Secondly, a diversity census helps to identify if your workforce profile aligns with the company customer profile. Many companies set out to represent the local communities in which they operate, so knowing the demographic make-up of the workforce is an obvious starting point.

Thirdly, an inclusion and diversity census can give a window into the level of belonging and engagement felt by groups of employees. Questions usually go beyond demography and identity to include perceptions about their experience of the culture. This can also help show whether underrepresented groups have differing experiences within the workplace.

As an employer, if you’re committed to creating a workplace culture that respects, values and utilises the contributions of people from different backgrounds, experiences and perspectives, a census helps you understand and anticipate current and future workforce needs.

Census Guidelines

When designing your inclusion and diversity census, there’s a few guidelines to help ensure it’s shaped sensitively and taken seriously. Stating the census is optional, while also stating that you strongly encourage all employees to participate, is one. It’s critical that answers are confidential and anonymous, and data is aggregated for the purposes stated (for example, better understanding and anticipation of employee needs).

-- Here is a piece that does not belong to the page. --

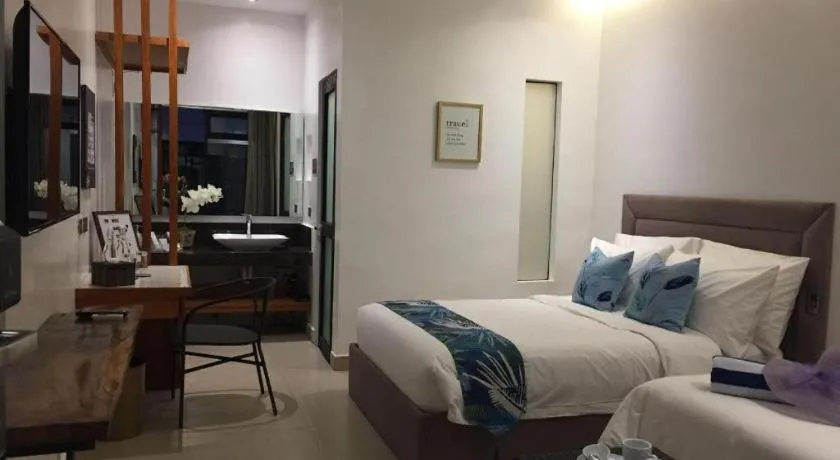 Bed in White Breeze Palawan Boutique Hotel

It’s important that the survey is designed so that it can be accessed by everyone, including employees, for example, who use assistive technology. And while it might be obvious, it’s important to include the name of a contact person if an employee has any questions while completing the census. Leaving room for qualitative comments at the end of the census also gives an opportunity for employees to share additional feedback. To maximise participation, some employers choose to donate a dollar amount for every completed response to a charity that aligns with the company’s corporate social responsibility objectives.

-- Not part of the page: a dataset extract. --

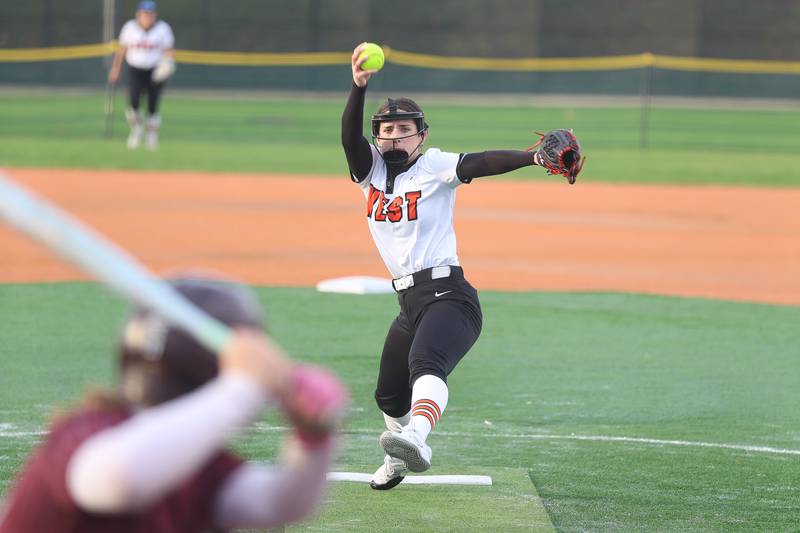 Lincoln-Way West’s Abby Brueggmann delivers a pitch against Lockport in the WJOL Softball Tournament championship game on Thursday, April 2, 2026 in Joliet.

Sample Questions To Include In Your Census

Below are some qualitative questions that often included in an inclusion and diversity census. Employees are usually asked to rate their level of agreement with the following statements, with one being strongly disagree and five being strongly agree.

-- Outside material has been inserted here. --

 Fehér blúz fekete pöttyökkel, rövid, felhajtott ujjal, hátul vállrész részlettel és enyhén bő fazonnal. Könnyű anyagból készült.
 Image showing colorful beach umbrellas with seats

  • The people in my team treat each other with respect
  • I would describe the area I work in as genuinely inclusive
  • Our team leverages our different perspectives and backgrounds for new ideas
  • I feel comfortable to request flexible work arrangements if desired
  • I am aware that unconscious biases (relating to gender, age, cultural background) can impact decisions, and I take steps to challenge bias
  • I feel I have equal opportunities for development and career progression in the organisation
  • My immediate manager actively seeks out different perspectives from team members
  • My immediate manager values differences among employees. (Differences is defined here as a difference in age, gender, family responsibilities, marital status, race, religious belief, cultural background, ethnicity, sexual orientation, gender identity, socio-economic background, physical and intellectual ability, indigenous background)
  • My immediate manager values diversity of thinking approaches in the workplace
  • Our senior leaders are committed to achieving a diverse and inclusive workplace
  • Senior managers challenge inappropriate behaviour

As well as these questions, it’s also helpful to include room for employees to share general open text comments about the level of inclusion experienced and the company’s support for diversity.

WGEA Citation Criterion

The following questions are from the WGEA’s 2018-2019 citation criterion for the Employer of Choice for Gender Equality, and are also recommended additions:

  • My immediate supervisor/manager genuinely supports equality between men and women
  • I have the flexibility I need to manage my work and caring responsibilities
  • In my organisation sex-based harassment is not tolerated

Other Considerations

Demographic information usually sought in an inclusion and diversity census includes gender, age group, gender of the person you report to, ethnic/cultural identity, disability and what adjustments to the workplace are required, language spoken, caring responsibilities, and if an employee considers themselves to be part of the LGBTI community. Some employers are also adding information from 360 leader assessments on thinking and style preferences to promote diversity in team make up and avoid executive “echo chambers”.

A good response rate, or participation rate for a diversity survey, is generally in the 65-85 percent range, depending on your organisation’s size. Communicating with employees prior to the survey’s release about the importance of the census can also increase engagement with the process.

With the above combination of demographic information and qualitative responses, you’ll have a robust base-line to measure progress towards becoming a more diverse and inclusive employer of choice.